- Task:
Repeat the entries below exactly as they appear, with no pictures.
● ● ●
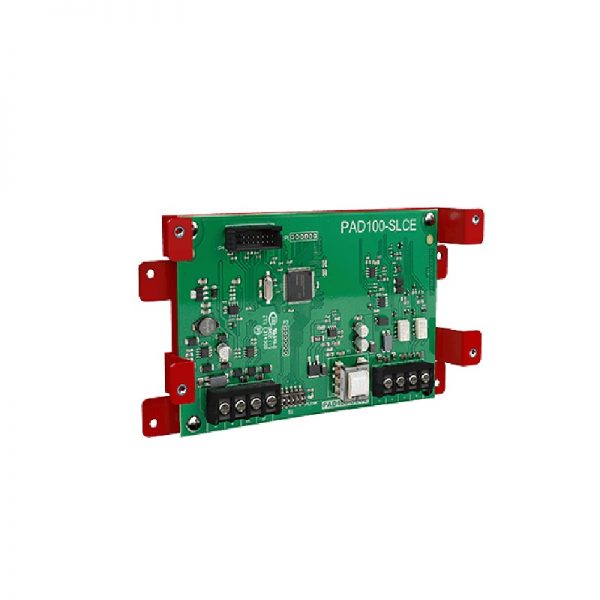 بطاقة المتوسع ذات حلقة عنونة Potter SLCE-127 عنونة حلقة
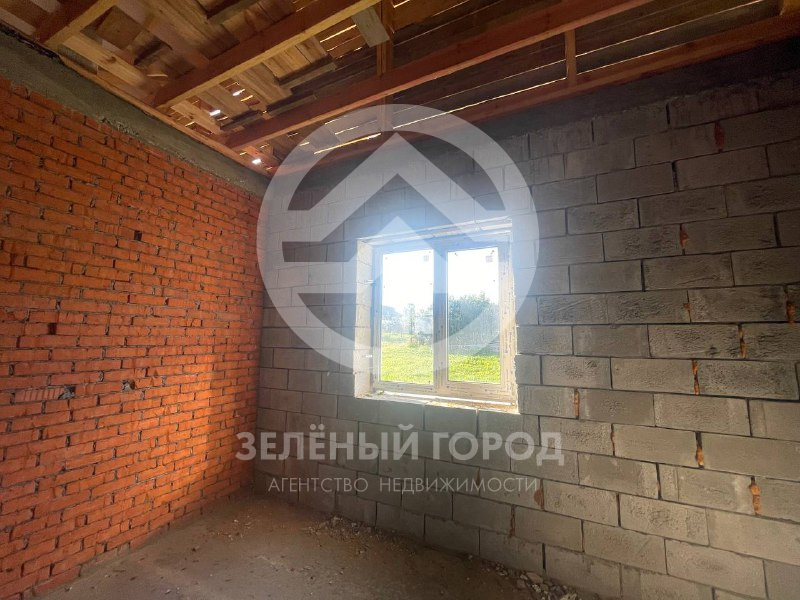 Продажа дома Голышкино, д. 11в, участок 11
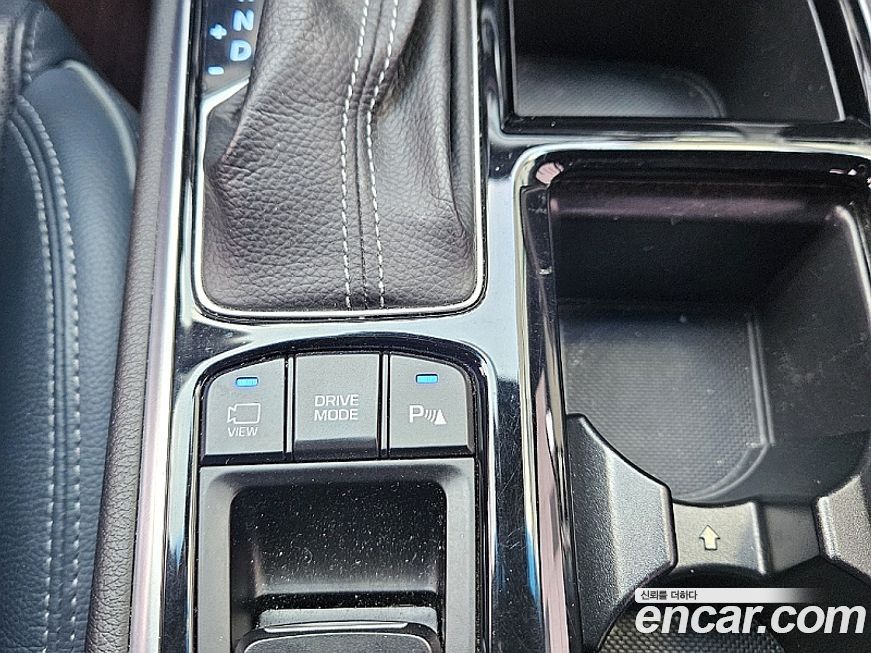 Hyundai Sonata 2018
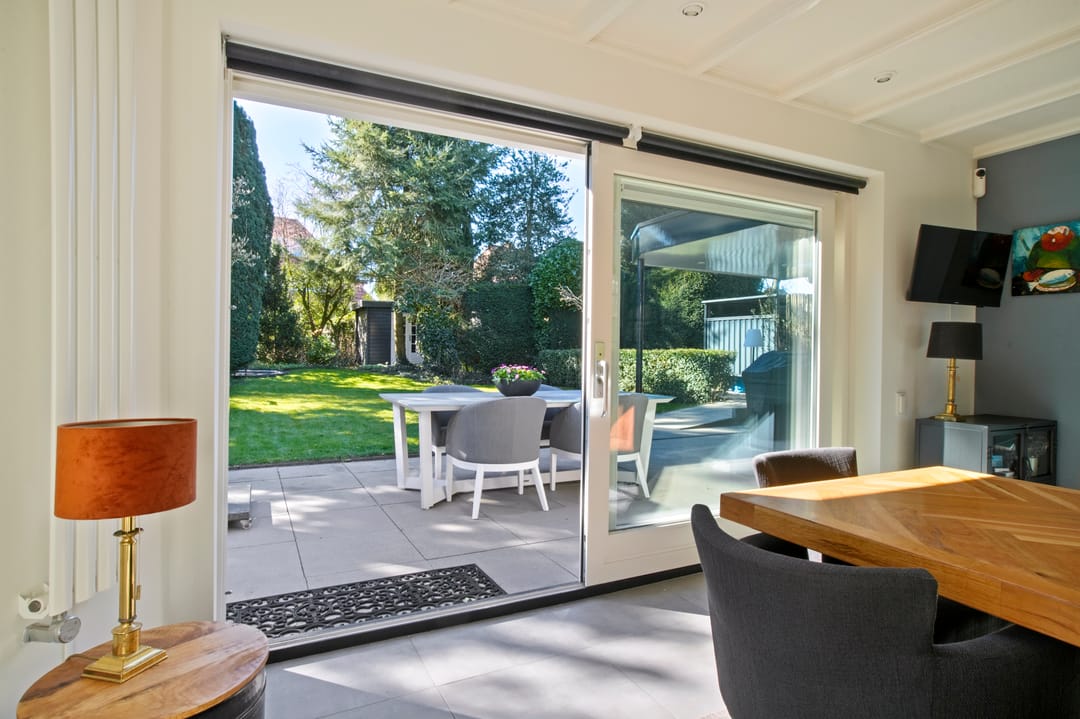 Photo 17 of Naarderstraat 23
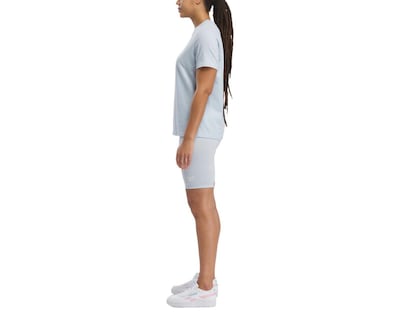 Foto 5 | Playera de Entrenamiento Reebok para Mujer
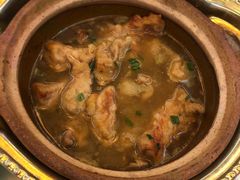 -汉唐宴长安食府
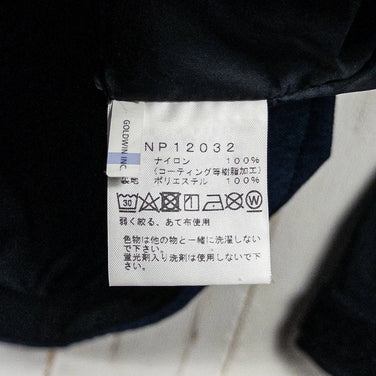 【Men's XL ネイビー系】 The North Face ( ザ・ノースフェイス ) マウンテン ライト デニム ジャケット Mountain Light Denim Jacket ナイロン ウェア トップス アウター ジャケット ハードシェル GORE-TEX - 【公式】2ndGEAR（セカンドギア）Webショップ【登山用品・アウトドア用品専門 買取販売店】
● ● ●
- Result:
 بطاقة المتوسع ذات حلقة عنونة Potter SLCE-127 عنونة حلقة
 Продажа дома Голышкино, д. 11в, участок 11
 Hyundai Sonata 2018
 Photo 17 of Naarderstraat 23
 Foto 5 | Playera de Entrenamiento Reebok para Mujer
 -汉唐宴长安食府
 【Men's XL ネイビー系】 The North Face ( ザ・ノースフェイス ) マウンテン ライト デニム ジャケット Mountain Light Denim Jacket ナイロン ウェア トップス アウター ジャケット ハードシェル GORE-TEX - 【公式】2ndGEAR（セカンドギア）Webショップ【登山用品・アウトドア用品専門 買取販売店】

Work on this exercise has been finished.